For easy cutting, place the mango stem down on the cutting board, hold, and use your knife to cut down through the mango approximately ¼-inch from the widest part of the center. Repeat on the other side to remove the mango flesh from the seed (which is in the widest part of the center). Then you can cut and scoop the mango flesh out of the skin. The process is not much harder than cutting an avocado. (The National Mango Board has this practical guide for visual reference.)
Since mangos have a natural sweetness and many varieties have a creamy texture, including the Ataulfos variety, I decided to make dairy-free sorbet with the mangos I received from the National Mango Board.

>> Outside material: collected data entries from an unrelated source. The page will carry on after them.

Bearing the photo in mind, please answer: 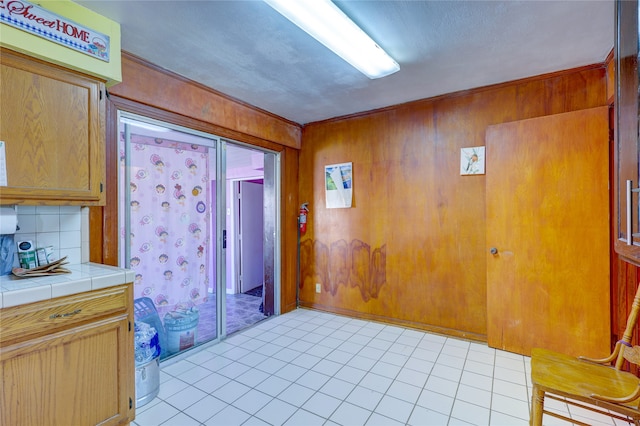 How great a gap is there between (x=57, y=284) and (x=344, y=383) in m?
1.92

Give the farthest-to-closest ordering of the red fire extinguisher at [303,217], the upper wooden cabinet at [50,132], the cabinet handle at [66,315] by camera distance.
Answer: the red fire extinguisher at [303,217], the upper wooden cabinet at [50,132], the cabinet handle at [66,315]

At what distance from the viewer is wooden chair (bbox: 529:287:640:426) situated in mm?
1320

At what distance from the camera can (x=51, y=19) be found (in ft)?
5.33

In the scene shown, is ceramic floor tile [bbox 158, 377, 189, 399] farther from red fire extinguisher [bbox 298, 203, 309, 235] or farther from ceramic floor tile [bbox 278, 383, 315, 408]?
red fire extinguisher [bbox 298, 203, 309, 235]

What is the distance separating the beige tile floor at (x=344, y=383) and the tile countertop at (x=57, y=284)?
94 cm

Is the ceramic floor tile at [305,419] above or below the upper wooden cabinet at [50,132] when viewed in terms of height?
below

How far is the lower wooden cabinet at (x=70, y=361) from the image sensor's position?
4.26 ft

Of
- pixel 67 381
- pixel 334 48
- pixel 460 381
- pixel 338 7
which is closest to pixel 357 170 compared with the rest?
pixel 334 48

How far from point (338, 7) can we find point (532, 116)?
2085 millimetres

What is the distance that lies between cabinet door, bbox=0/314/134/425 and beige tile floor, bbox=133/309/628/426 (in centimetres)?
35

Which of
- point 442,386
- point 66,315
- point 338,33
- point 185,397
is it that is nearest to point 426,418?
point 442,386

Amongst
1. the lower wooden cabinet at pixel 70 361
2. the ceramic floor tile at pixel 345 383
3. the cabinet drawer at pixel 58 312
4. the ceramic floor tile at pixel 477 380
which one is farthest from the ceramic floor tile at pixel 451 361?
the cabinet drawer at pixel 58 312

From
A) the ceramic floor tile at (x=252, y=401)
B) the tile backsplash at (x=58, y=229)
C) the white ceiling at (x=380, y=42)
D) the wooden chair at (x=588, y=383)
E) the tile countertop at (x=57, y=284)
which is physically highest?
the white ceiling at (x=380, y=42)

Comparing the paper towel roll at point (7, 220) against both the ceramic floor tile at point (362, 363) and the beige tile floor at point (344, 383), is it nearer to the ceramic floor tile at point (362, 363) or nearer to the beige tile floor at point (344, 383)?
the beige tile floor at point (344, 383) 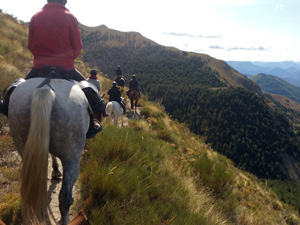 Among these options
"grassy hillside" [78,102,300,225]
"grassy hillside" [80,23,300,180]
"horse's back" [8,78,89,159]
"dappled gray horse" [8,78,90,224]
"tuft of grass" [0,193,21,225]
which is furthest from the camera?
"grassy hillside" [80,23,300,180]

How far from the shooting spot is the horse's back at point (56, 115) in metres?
1.96

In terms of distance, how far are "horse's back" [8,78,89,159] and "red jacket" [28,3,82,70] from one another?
1.77ft

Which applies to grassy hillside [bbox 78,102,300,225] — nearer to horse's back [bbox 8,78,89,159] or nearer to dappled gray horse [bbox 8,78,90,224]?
dappled gray horse [bbox 8,78,90,224]

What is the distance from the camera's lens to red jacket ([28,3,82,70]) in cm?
243

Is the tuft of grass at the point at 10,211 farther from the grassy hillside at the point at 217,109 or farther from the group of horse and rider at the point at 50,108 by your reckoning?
the grassy hillside at the point at 217,109

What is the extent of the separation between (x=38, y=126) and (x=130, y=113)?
9.96 metres

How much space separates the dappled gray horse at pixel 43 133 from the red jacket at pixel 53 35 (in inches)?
20.8

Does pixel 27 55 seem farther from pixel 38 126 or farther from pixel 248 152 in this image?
pixel 248 152

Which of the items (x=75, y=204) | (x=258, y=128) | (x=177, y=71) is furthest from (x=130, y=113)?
(x=177, y=71)

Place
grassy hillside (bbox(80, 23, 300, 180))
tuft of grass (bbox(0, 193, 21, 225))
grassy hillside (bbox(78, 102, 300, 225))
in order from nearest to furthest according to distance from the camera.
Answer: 1. tuft of grass (bbox(0, 193, 21, 225))
2. grassy hillside (bbox(78, 102, 300, 225))
3. grassy hillside (bbox(80, 23, 300, 180))

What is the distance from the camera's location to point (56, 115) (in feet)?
6.46

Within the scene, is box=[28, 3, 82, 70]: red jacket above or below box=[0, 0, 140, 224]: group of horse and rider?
above

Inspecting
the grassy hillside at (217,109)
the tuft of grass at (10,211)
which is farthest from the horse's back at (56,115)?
the grassy hillside at (217,109)

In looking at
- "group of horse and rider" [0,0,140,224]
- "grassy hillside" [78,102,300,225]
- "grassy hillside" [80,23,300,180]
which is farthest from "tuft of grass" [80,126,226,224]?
"grassy hillside" [80,23,300,180] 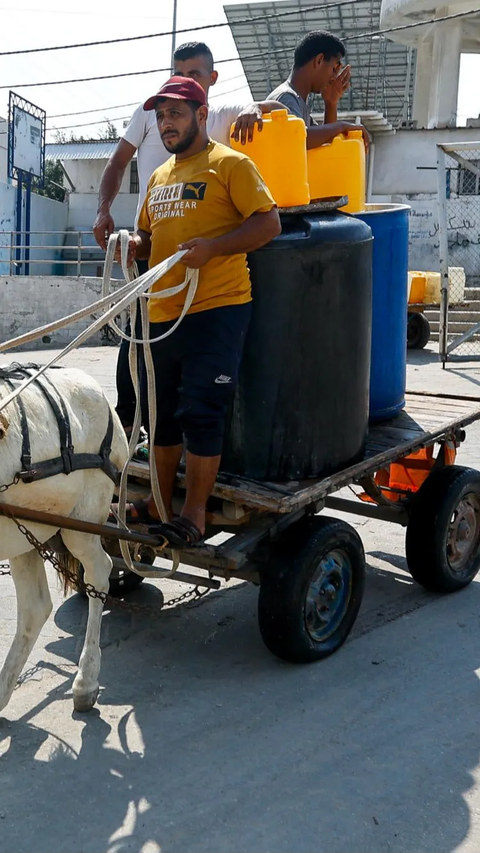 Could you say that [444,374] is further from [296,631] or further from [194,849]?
A: [194,849]

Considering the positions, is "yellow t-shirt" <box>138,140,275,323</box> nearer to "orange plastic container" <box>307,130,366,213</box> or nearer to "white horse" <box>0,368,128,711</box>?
"white horse" <box>0,368,128,711</box>

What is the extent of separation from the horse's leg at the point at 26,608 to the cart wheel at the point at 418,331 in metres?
12.0

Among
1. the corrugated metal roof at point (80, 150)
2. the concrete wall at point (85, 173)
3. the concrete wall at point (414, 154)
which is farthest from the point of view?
the concrete wall at point (85, 173)

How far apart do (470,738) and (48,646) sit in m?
2.02

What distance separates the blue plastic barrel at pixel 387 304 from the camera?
15.5ft

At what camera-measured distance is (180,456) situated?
Result: 399 cm

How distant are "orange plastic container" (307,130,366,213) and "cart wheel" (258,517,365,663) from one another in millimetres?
1756

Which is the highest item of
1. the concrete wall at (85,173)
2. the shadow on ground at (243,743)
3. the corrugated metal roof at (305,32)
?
the corrugated metal roof at (305,32)

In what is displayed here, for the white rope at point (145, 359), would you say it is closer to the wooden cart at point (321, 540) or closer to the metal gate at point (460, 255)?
the wooden cart at point (321, 540)

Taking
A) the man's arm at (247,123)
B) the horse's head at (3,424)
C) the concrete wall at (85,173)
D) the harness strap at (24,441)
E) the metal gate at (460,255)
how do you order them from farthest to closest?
the concrete wall at (85,173) < the metal gate at (460,255) < the man's arm at (247,123) < the harness strap at (24,441) < the horse's head at (3,424)

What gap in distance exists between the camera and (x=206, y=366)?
3609 mm

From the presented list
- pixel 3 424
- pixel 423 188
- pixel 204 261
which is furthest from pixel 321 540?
pixel 423 188

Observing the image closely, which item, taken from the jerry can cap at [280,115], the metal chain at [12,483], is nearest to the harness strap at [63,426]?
the metal chain at [12,483]

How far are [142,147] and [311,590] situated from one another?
8.40 feet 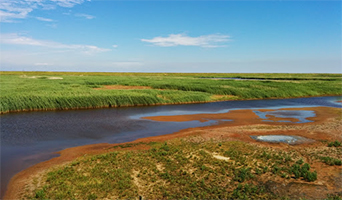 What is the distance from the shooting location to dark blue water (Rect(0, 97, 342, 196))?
13078 mm

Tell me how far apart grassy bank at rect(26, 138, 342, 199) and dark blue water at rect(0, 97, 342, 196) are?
2.76 m

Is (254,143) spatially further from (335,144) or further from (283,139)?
(335,144)

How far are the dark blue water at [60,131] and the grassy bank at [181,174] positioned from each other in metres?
2.76

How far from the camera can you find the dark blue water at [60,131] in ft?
42.9

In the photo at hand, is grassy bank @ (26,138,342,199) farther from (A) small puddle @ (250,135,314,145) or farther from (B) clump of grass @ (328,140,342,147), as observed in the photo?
(A) small puddle @ (250,135,314,145)

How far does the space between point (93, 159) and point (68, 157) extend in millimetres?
1799

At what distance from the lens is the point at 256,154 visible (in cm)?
1286

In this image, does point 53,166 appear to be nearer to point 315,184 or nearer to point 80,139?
point 80,139

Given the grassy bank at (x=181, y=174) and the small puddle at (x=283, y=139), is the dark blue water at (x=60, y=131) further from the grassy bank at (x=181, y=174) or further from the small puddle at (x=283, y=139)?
the small puddle at (x=283, y=139)

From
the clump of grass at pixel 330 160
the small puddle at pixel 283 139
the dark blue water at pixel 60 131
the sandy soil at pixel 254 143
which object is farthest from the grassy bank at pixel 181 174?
the dark blue water at pixel 60 131

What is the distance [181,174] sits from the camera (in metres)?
10.4

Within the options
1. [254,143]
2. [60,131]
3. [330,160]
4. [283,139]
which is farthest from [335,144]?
[60,131]

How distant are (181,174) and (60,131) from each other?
12.2 meters

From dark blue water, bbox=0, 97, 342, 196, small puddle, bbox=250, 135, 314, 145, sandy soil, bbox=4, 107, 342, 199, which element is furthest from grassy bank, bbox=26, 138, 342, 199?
dark blue water, bbox=0, 97, 342, 196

A cold treat always tastes good in the summer heat, especially when the treat has nutritional benefits as well!
- 2 cups mango puree (~ 3 mangos, I used Ataulfos and Kent mangos)
- 1 14-oz. can (1.5 cups) coconut milk (preferably full-fat, although reduced fat will work)
- 2-4 tablespoons pure maple syrup, depending on desired sweetness
- Chill the canned coconut milk, a mixing bowl and the beater to your hand or stand mixer in the freezer for 10-15 minutes.
- Meanwhile, cut and peel the mangos (see instructions in post). Puree the flesh in a food processor until smooth.
- Combine the coconut milk, mango puree, and maple syrup in the chilled mixing bowl and whip with the beater for 1-2 minutes to combine.
- Pour the mixture into a loaf pan and freeze for at least 6 hours before serving. This sorbet will be hard when frozen, so set it out for about 15-20 minutes before serving to soften.
- Store in an airtight container in your freezer.
- Cooking time indicates chilling time.
- If you use low-fat canned coconut milk, the consistency will be more like Italian ice - still very tasty, but a bit more icy and less creamy.
This is a sponsored conversation written by me on behalf of National Mango Board. The opinions and text are all mine.
Do you eat mangos often? How do you use them?
What’s a type of fruit or vegetable that you never have tried?
What’s your favorite flavor of ice cream or sorbet?